_DATA RECORDS:_
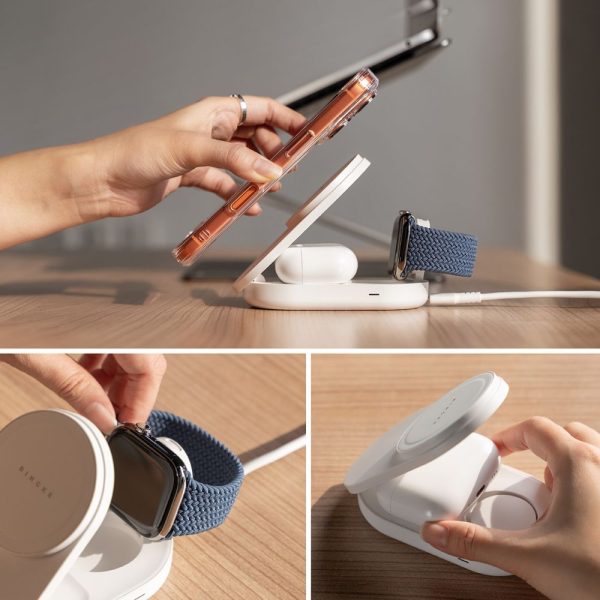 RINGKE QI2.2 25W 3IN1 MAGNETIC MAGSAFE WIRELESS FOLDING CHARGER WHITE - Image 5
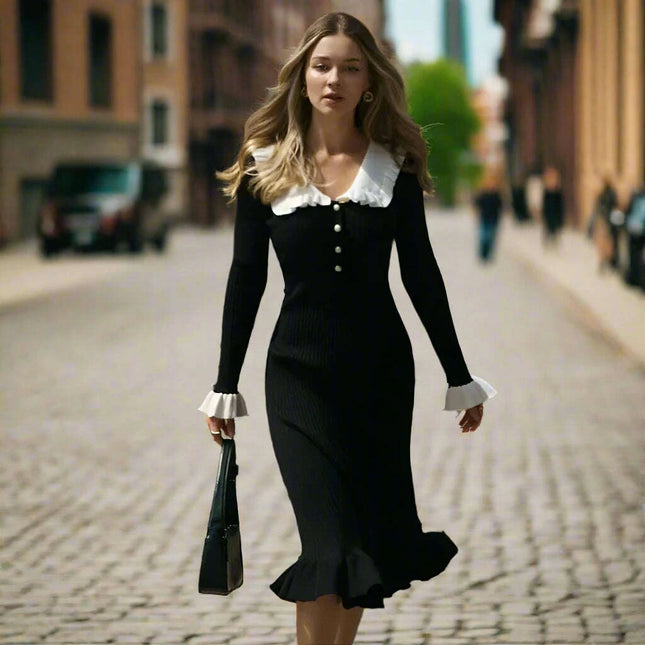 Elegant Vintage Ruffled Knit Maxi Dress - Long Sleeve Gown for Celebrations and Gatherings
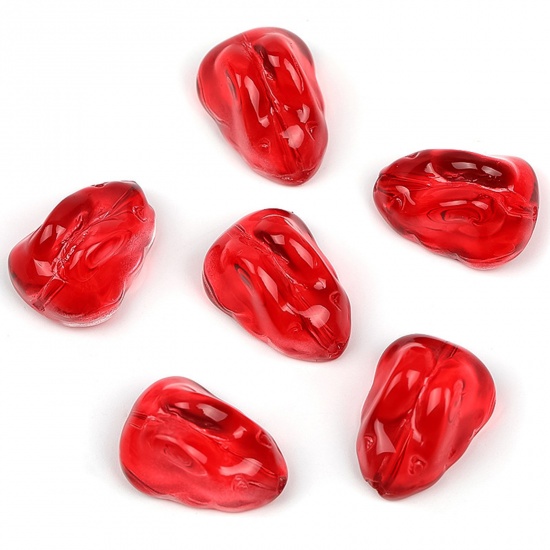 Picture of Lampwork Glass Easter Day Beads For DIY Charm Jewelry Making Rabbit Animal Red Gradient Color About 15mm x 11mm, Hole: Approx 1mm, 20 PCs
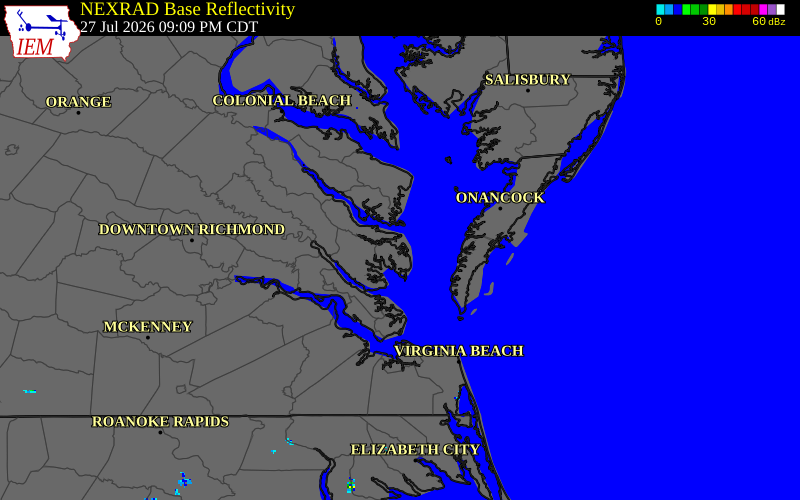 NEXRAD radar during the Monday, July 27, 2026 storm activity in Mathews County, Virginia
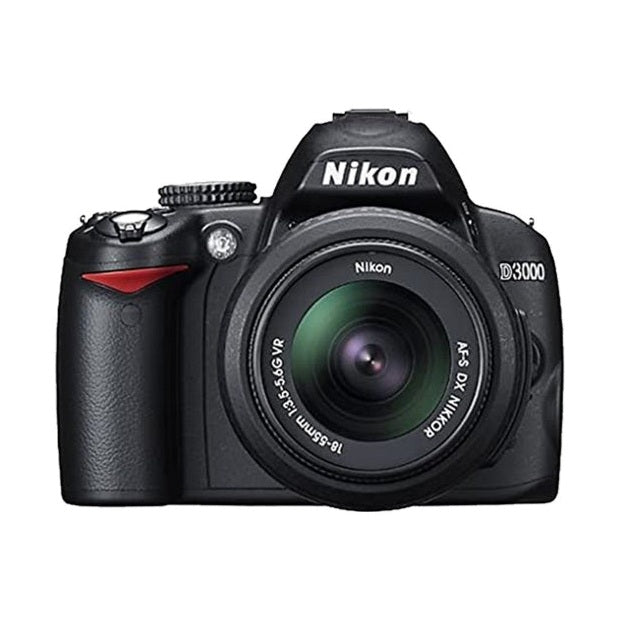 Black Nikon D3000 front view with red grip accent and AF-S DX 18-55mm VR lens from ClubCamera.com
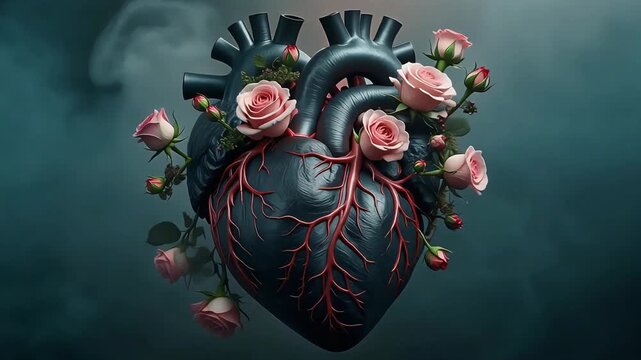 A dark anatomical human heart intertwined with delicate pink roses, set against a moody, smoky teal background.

...

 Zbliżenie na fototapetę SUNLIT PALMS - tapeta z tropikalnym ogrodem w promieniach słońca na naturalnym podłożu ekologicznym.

* * *

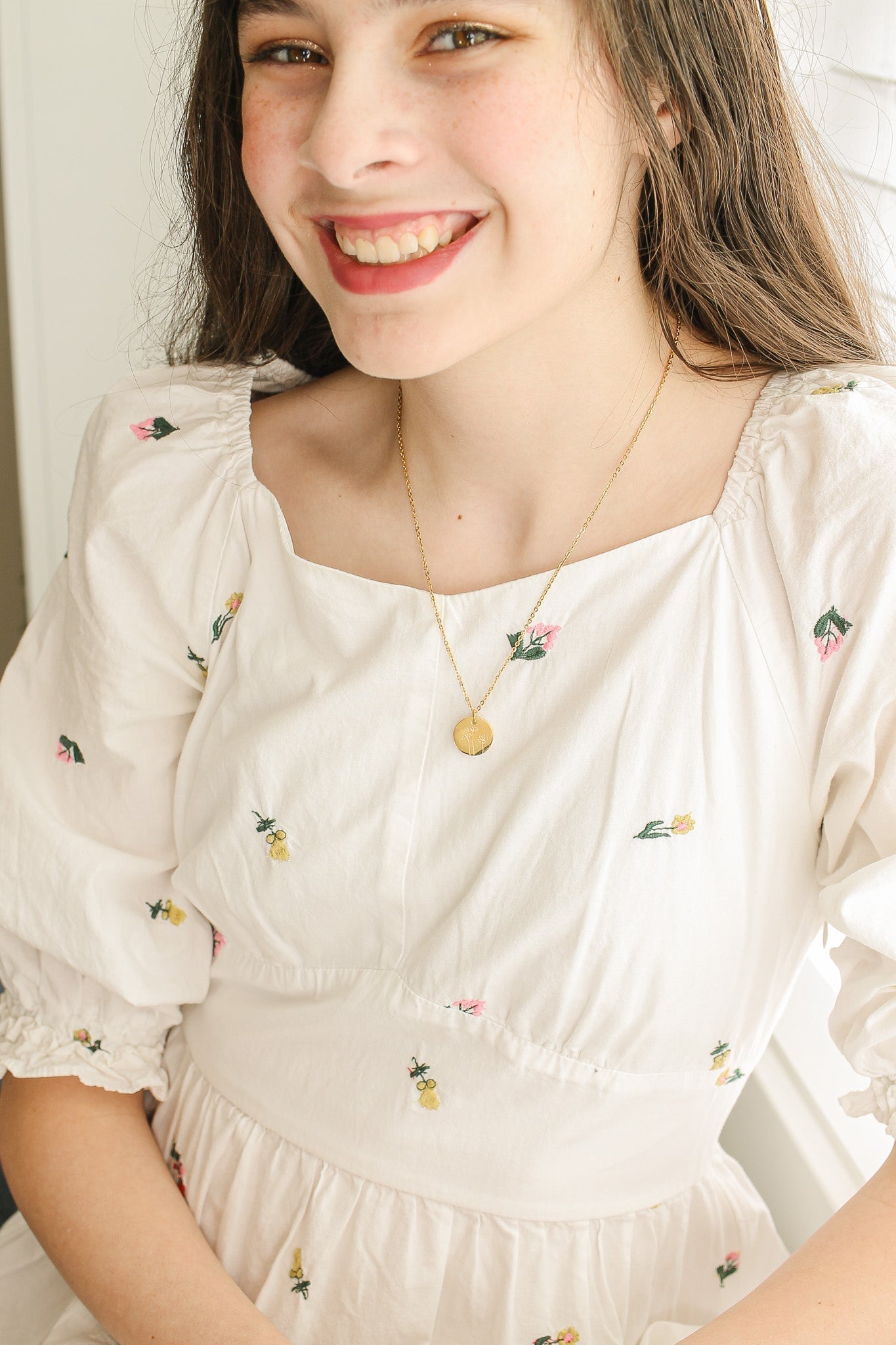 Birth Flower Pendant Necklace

_WORK REQUEST:_
Within the material above, only the stretch from the line holding "Picture of Lampwork" through the line holding "A dark anatomical" is to be restated exactly. Pictures are dropped.

_ANSWER TO THIS EXERCISE:_
 Picture of Lampwork Glass Easter Day Beads For DIY Charm Jewelry Making Rabbit Animal Red Gradient Color About 15mm x 11mm, Hole: Approx 1mm, 20 PCs
 NEXRAD radar during the Monday, July 27, 2026 storm activity in Mathews County, Virginia
 Black Nikon D3000 front view with red grip accent and AF-S DX 18-55mm VR lens from ClubCamera.com
 A dark anatomical human heart intertwined with delicate pink roses, set against a moody, smoky teal background.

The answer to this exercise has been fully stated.